Robinson’s ace in the hole was Ian Dury, fated to end the year with the labels only #1, Hit Me With Your Rhythm Stick. For his less established artists, Robinson organised a headline-catching tour. “We knew we had to make it special, and I loved those old trains with the first-class carriages that had the little compartments, so we hired one”.
Entitled ‘Be Stiff’ (after Devo‘s third and final Stiff single) the tour choogled between Brighton and Wick, the logo-emblazoned train often shunted into sidings as scheduled expresses hurtled past.
The artists – Stiff stalwarts Mickey Jupp and Wreckless Eric augmented by poppier-yet-weirder recent signings Rachel Sweet, Jona Lewie and Lene Lovich – played in 2½ hour, revue-style shows and five of them enjoyed the dubious benefit of having their albums released mid-tour on the same day.
Akron-born popstress Rachel Sweet (pictured), still only 16 during the tour, had an on-tour tutor, a device which Robinson milked for all it was worth. “Every day as the train pulled into a new town we would have all the local media queuing up”.
Robinson had read the runes of the post-Punk fallout and had seen a demand for old-fashioned pop novelty return along with a new affection for quirky outsiders.
Head-turning publicity stunts and aggressive radio plugging did the rest, and within 18 months even Lovich and Lewie had enjoyed chart hits.
“The train tour was typical Stiff,” concludes Robinson. “We liked to have fun and we liked to keep our bands busy. ‘A Tired Band Is A Happy Band’ – that was our motto”.

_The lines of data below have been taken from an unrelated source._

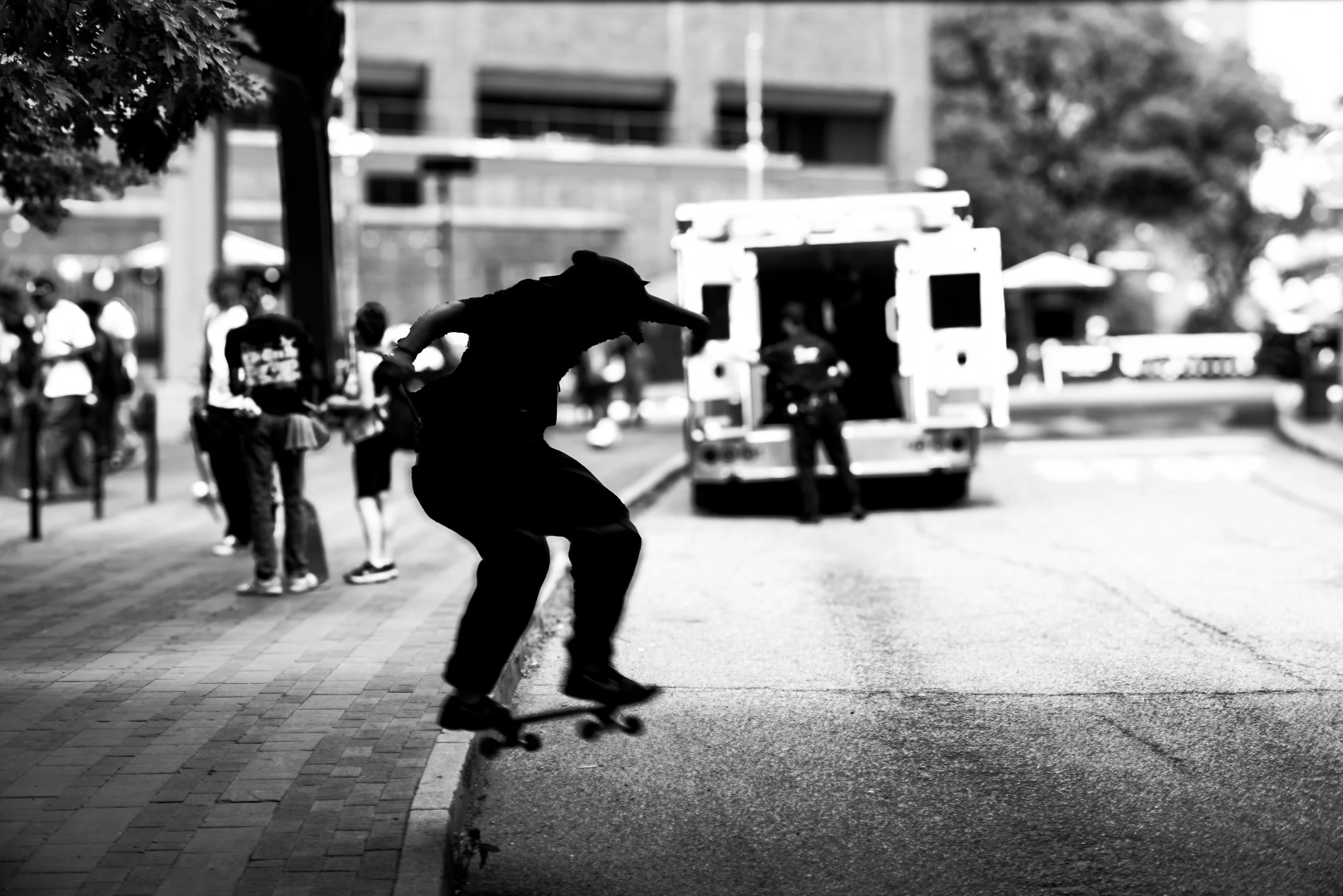A person skateboarding on a city sidewalk, with several pedestrians in the background near buildings and trees, all in black and white.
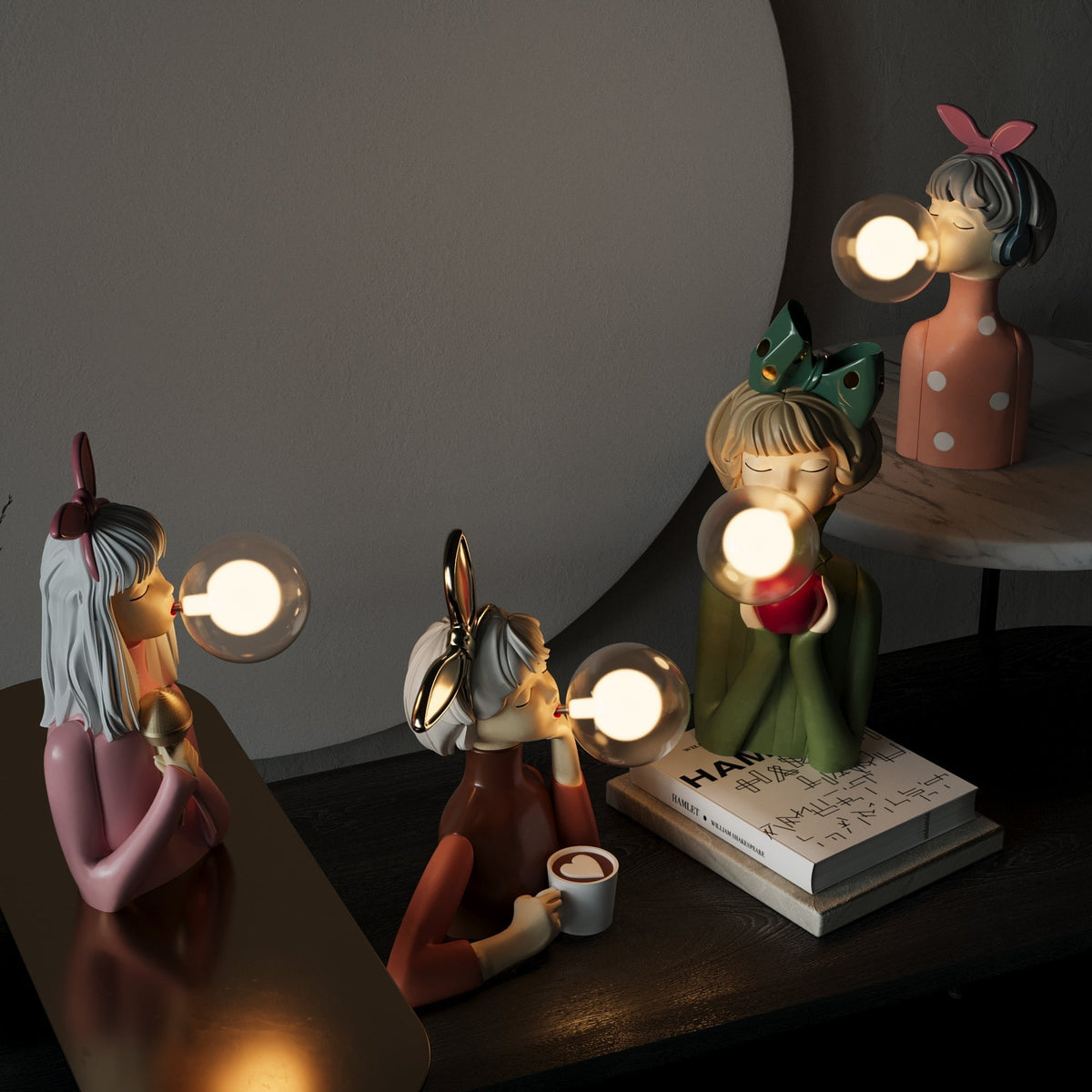Sculptural lamp on a stack of books with glowing glass bubble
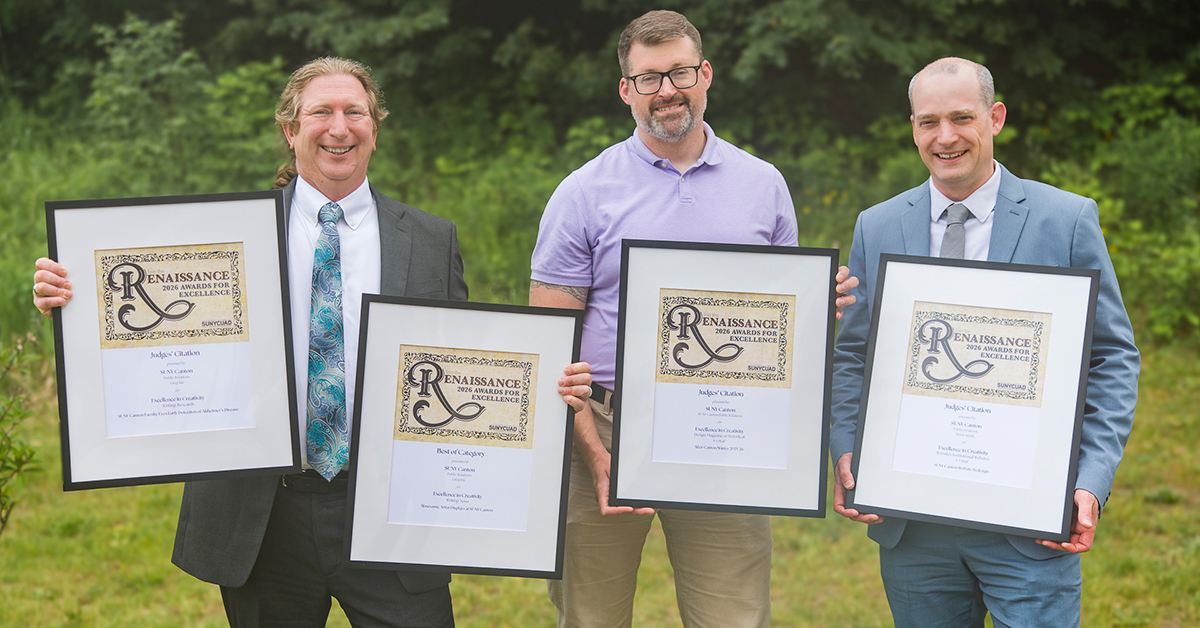 Greg Kie, Matt Mulkin and Travis Smith hold up 2026 SUNYCUAD awards.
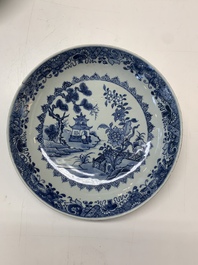 An impressive collection of 25 Chinese blue and white 'landscape' plates, Qianlong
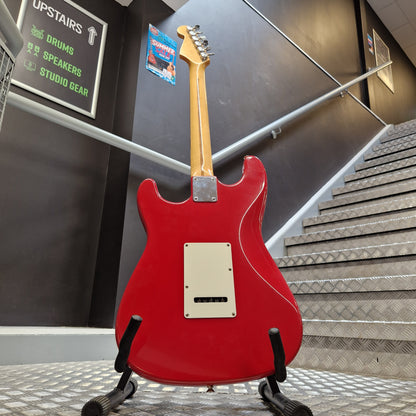 Pre-Owned Squier MIK 1992 A red electric guitar shown from the back, hanging against a textured wall in an indoor showroom or studio space.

As musical styles changed and Stiff struggled to stay in business, the label gradually became Just Another Record Company.
Putting out records for anything other than sound business reasons may have been cheeringly anti-corporate, but the hit-to-flop ratio became unsustainable and after numerous upheavals – and millions of quid in debt – Stiff limped to an end in 1987. The label was sold to ZTT.